らんだむな記憶

blogというものを体験してみようか!的なー

DeZero で眺める自動微分 (3)

DeZero で眺める自動微分 (2) - らんだむな記憶 の続き。
結局のところ、出来上がったプログラムを解析するというのは結構難しい。プロジェクトに途中から参加した場合、使われている技術がどれだけ初等的なもので構成されていても、やはり理解にはかなりの時間がかかるのと同じようなものだ。

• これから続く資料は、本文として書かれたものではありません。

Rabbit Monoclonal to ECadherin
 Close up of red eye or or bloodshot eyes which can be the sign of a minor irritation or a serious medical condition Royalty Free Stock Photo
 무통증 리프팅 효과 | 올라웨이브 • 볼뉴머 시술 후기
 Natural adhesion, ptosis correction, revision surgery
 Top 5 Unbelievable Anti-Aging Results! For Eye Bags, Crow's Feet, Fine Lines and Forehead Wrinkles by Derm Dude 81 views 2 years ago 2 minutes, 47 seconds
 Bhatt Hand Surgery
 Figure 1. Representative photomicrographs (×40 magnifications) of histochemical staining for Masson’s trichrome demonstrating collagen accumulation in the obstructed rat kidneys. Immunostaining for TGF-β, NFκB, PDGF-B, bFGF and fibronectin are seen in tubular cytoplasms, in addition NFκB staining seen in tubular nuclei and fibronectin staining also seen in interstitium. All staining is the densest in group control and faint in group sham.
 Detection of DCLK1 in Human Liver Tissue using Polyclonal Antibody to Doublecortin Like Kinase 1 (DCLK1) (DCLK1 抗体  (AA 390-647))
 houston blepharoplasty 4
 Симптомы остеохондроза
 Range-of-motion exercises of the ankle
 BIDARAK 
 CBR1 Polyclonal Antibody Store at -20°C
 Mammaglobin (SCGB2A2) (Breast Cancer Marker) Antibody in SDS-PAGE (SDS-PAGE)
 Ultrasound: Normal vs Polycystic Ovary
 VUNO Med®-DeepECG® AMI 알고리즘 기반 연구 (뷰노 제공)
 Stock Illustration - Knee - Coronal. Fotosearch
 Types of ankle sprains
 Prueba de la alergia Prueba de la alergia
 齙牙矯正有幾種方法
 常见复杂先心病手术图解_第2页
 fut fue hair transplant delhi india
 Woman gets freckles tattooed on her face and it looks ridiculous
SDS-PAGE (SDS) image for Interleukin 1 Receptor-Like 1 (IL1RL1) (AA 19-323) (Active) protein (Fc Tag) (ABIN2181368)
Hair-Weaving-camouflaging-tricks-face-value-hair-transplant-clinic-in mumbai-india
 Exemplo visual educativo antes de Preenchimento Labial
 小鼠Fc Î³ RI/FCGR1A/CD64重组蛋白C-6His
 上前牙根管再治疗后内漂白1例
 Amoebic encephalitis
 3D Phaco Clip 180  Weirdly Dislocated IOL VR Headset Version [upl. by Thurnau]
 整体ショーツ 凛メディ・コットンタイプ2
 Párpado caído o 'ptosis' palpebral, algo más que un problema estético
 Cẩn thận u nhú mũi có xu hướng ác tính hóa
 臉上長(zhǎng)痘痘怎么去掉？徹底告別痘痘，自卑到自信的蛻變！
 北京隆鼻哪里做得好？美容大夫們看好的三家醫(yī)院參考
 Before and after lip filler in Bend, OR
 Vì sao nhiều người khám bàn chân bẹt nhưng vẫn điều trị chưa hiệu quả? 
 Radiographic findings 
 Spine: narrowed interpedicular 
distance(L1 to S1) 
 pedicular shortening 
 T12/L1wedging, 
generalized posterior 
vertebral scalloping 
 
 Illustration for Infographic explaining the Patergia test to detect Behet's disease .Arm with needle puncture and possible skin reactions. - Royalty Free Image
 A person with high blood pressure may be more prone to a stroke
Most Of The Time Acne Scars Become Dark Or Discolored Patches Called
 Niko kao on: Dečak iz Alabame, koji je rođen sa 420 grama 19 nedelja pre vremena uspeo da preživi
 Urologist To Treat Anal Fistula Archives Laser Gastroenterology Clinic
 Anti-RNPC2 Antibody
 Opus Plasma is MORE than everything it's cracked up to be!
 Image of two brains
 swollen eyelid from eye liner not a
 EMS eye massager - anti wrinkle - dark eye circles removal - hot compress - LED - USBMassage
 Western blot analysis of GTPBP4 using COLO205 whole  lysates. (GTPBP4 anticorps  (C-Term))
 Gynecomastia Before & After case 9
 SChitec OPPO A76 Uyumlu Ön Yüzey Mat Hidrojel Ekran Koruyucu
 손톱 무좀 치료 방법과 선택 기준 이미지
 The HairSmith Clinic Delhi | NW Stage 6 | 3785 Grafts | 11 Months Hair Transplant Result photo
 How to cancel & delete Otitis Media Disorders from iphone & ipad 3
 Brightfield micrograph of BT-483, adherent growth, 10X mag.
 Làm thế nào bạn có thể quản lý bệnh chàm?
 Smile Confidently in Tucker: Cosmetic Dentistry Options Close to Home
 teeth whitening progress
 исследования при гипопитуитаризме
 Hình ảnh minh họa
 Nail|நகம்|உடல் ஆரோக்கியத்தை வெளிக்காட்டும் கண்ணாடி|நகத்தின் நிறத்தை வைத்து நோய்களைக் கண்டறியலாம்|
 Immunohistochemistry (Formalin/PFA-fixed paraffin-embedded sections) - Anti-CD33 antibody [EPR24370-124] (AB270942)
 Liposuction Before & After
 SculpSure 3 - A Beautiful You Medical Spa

ということで、少し前から GitHub - oreilly-japan/deep-learning-from-scratch-3: 『ゼロから作る Deep Learning ❸』(O'Reilly Japan, 2020) を書籍の沿う形で “写経” している。通常は “写経” には否定的なスタンスであるが、今回は大いに効果があるように感じる。インクリメンタルにスクラッチで DL フレームワークを作っていく形なのでよく理解できる。❶と❷では仕組みを numpy を使ってなぞっていくような形式であり、ロジックについて追いかけていけた。それはそれで良いのだが、必要なオブジェクトや責任といったものは少し見通しが悪かったかもしれない。❸では要するに「変数」とか加減乗除といった「演算」といった概念がクラスとして抽出され、必要な責任が実装される。これは要するに “$x^2 + x^3$” を数式としてストレートに解釈するというわけではなく、実数とか複素数といった対象と(その対象に対して可能なように定義された)演算の観点から見直すということである。そういったものが持つべき性質や責任がクラスの形で実装される。結果、全体としての数式としての流れは見通しが悪くなるが、微分の連鎖律の各項、つまり $\frac{dy}{dx} = \frac{dy}{da} \cdot \frac{da}{db} \cdot \frac{db}{dx}$ における $\frac{dy}{da} $ や $\frac{da}{db}$ や $\frac{db}{dx}$ に集中することができる。

どちらが優れたアプローチというわけでもないが、両方やっておけば理解は深まるだろう。